• **YOUR INSTRUCTIONS**
Exactly the lines from the one with "91家纺网 家纺一手货源 找家纺 （总）印季 2024新款色织麦穗贝贝绒毛毯" through the last line of the listing must be given again.

• **DATA FOR THIS TASK**
---+---

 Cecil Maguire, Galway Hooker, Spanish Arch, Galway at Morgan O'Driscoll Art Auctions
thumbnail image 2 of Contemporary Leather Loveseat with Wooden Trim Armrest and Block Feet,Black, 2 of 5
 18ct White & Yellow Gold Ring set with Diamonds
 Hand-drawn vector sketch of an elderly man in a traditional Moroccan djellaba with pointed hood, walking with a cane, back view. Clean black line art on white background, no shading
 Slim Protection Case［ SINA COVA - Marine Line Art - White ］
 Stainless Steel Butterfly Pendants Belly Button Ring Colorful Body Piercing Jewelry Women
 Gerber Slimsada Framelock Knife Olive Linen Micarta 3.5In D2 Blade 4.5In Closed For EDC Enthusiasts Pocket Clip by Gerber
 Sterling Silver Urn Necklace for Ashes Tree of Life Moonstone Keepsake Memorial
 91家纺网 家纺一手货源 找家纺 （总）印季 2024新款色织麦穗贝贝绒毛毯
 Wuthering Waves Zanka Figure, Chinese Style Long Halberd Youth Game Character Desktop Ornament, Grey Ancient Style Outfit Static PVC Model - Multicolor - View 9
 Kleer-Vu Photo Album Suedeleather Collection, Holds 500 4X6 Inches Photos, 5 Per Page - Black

---+---

• **REPLY TO THE TASK**
 91家纺网 家纺一手货源 找家纺 （总）印季 2024新款色织麦穗贝贝绒毛毯
 Wuthering Waves Zanka Figure, Chinese Style Long Halberd Youth Game Character Desktop Ornament, Grey Ancient Style Outfit Static PVC Model - Multicolor - View 9
 Kleer-Vu Photo Album Suedeleather Collection, Holds 500 4X6 Inches Photos, 5 Per Page - Black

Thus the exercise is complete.